Yang kedua, terkait GTRA menyusun Peta Jalan Pelaksanaan Reforma Agraria di Kabupaten Sigi, yang ditindaklanjuti dengan berbagai seminar, diskusi fokus, sosialisasi, dan pelatihan-pelatihan bagi para penggerak Reforma Agraria Sigi hingga di tingkat Desa dengan Pembentukan TIM KERJA AGRARIA DESA.
Yang ketiga, terkait Tim RA Desa kemudian melaksanakan pemetaan bersama masyarakat di desa masing-masing dengan pengawalan intensif dari para pendamping kecamatan yang terdiri dari aktivis mahasiswa dan organisasi masyarakat sipil baik di Sigi maupun Palu. Pemetaan dilakukan terhadap tanah objek klaim masyarakat terutama tanah-kebun yang telah diolah rata-rata 20-an tahun, areal mukim, fasilitas umum dan fasilitas sosial, baik yang berada dalam kawasan hutan maupun di luar kawasan hutan. Pendeknya seluruh proses mulai dari persiapan hingga pengusulannya TORA Kabupaten Sigi dilaksanakan secara Partisipatif.
Yang keempat, Berdasarkan Keputusan Menteri LHK No. 180 Tahun 2017, Pemda Sigi menindaklanjutinya sesuai dengan batas waktu tersebut, Pemda Sigi telah mengusulkan Objek RA kepada Menteri LHK dan Menteri ATR/BPN seluas 137.274 Ha, lalu disempurnakan kemudian menjadi 163.544,17 Ha.
Yang kelima, Pada tanggal 20 Desember 2018, Menteri LHK menerbitkan SK No. 8716/2018, usulan TORA Kabupaten Sigi telah diakomodir, serta ditindaklanjuti oleh Pemerintah Provinsi Sulawesi dengan membentuk Tim PPTKH (Penyelesaian Pengusaan Tanah dalam Kawasan Hutan) yang akan melaksanakan Inventarisasi dan Verifikasi di semua kabupaten/kota, termasuk Kabupaten Sigi.
Yang keenam, Bupati Sigi dan Tim GTRA kemudian melakukan upaya persiapan konsolidasi RA (termasuk data sosial maupun spasial) pada tanggal 9 September 2019 dengan melibatkan 412 orang (pemerintah desa dan perwakilan masyarakat) yang berasal dari 103 desa.

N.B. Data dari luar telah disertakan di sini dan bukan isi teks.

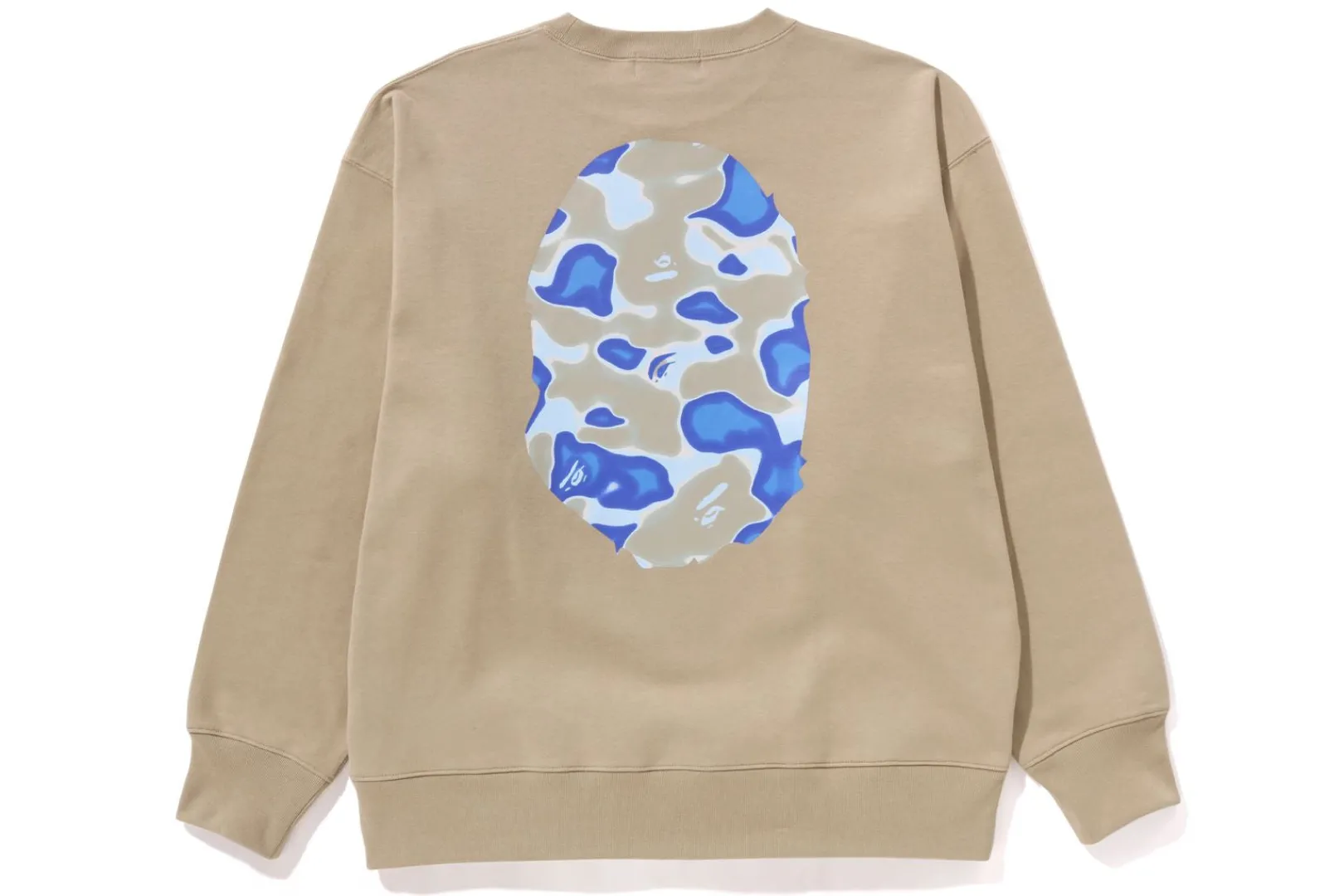0ZX FLÜSSIGE CAMO-SWEATSHIRT MIT LOCKERER PASSFORM UND RUNDHALSAUSSCHNITT Fashion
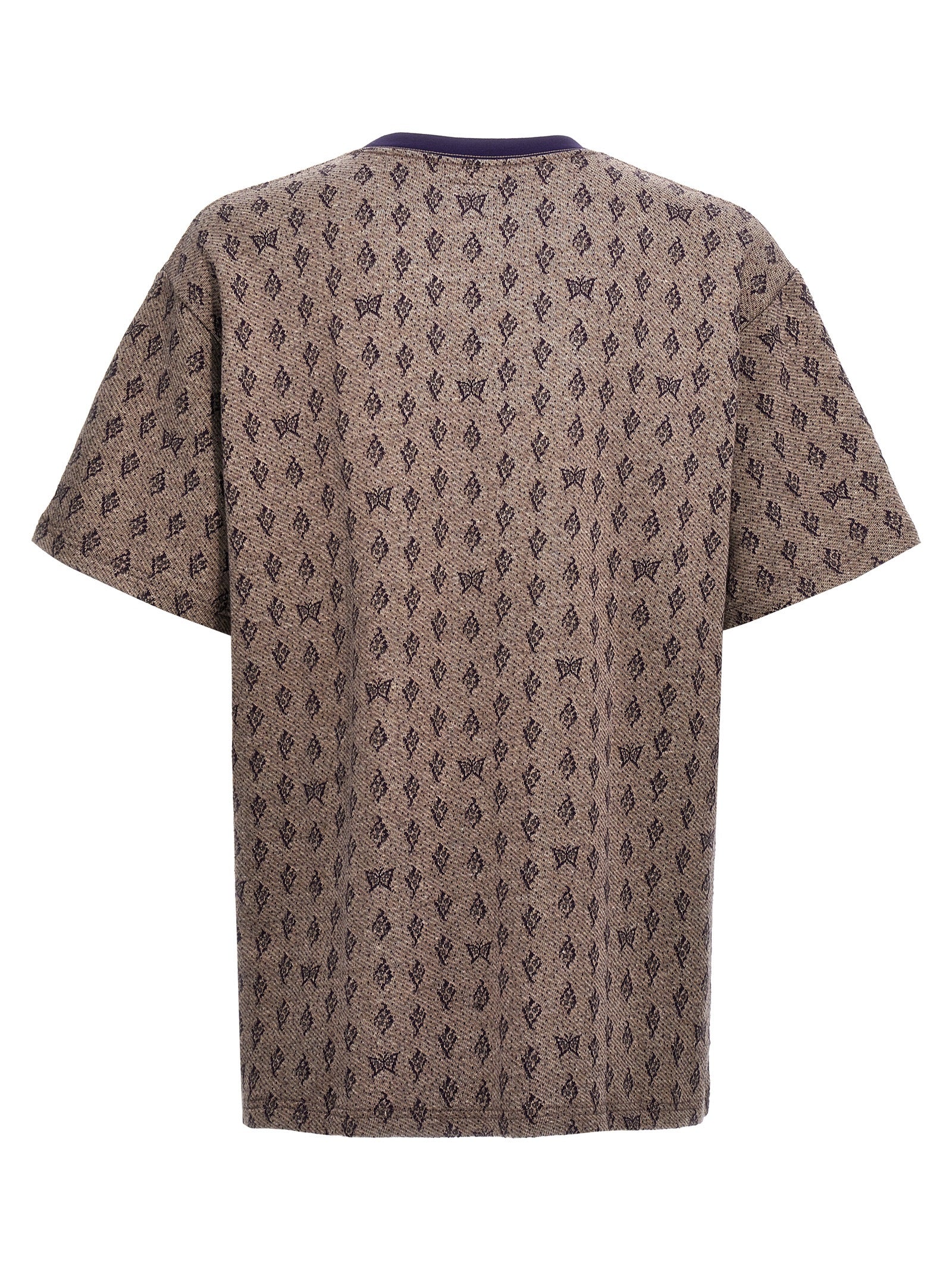 Needles Jacquard Patterned T-Shirt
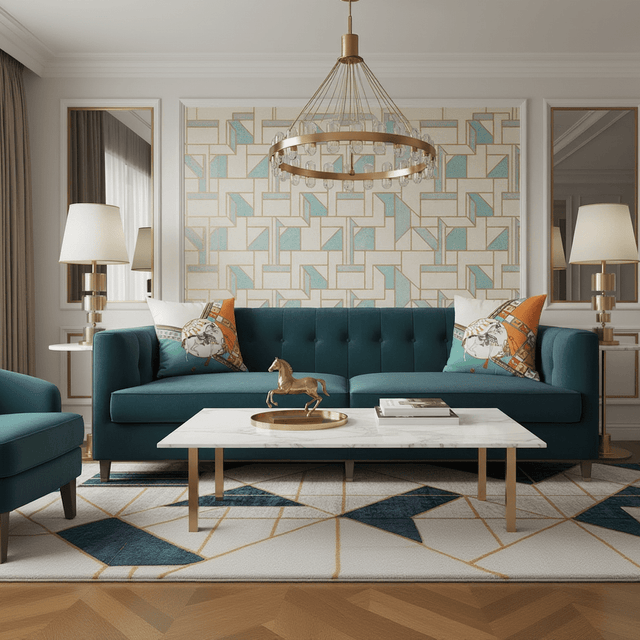 Turquoise Palace Pillow Cover pillow covers - Palatium Lux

Antara tanggal 10 s.d. 25 September 2019, Tim GTRA Sigi melakukan kunjungan lapangan untuk memfasilitasi musyawarah desa terkait penyiapan dan pemutakhiran data (spasial maupun sosial) serta penyiapan rencana kunjungan Tim Inver – PPTKH Provinsi. Selanjutnya ada bulan Oktober 2019, GTRA Sigi mendampingi TIM PPTKH Provinsi untuk proses konsultasi level kecamatan pada empat lokasi dan kunjungan ke beberapa lokasi tanah objek RA Dan yang terakhir, Bupati Sigi mengirimkan surat pada tanggal 10 Januari 2020 kepada Gubernur Sulawesi Tengah perihal Permohonan Persetujuan Usulan TORA & Hutan Adat. Gubernur Sulawesi Tengah hingga saat ini belum merespon Surat Bupati Sigi tersebut, walaupun sudah ditanyakan kembali melalui Dinas Kehutanan Provinsi Sulawesi Tengah.
“Sampai saat ini, upaya-upaya yang telah dilakukan oleh Pemerintah Sigi dan Rakyat Sigi secara organisatoris telah dilakukan. Namun, hasilnya tidak juga tampak, bahkan perkembangan terakhir sungguh membuat miris, terkesan mengabaikan upaya Rakyat Sigi dan Pemda Sigi yang sudah dilakukan kurun waktu 4 tahun lamanya,” tegas Noval Ketua Korlap dalam Orasinya.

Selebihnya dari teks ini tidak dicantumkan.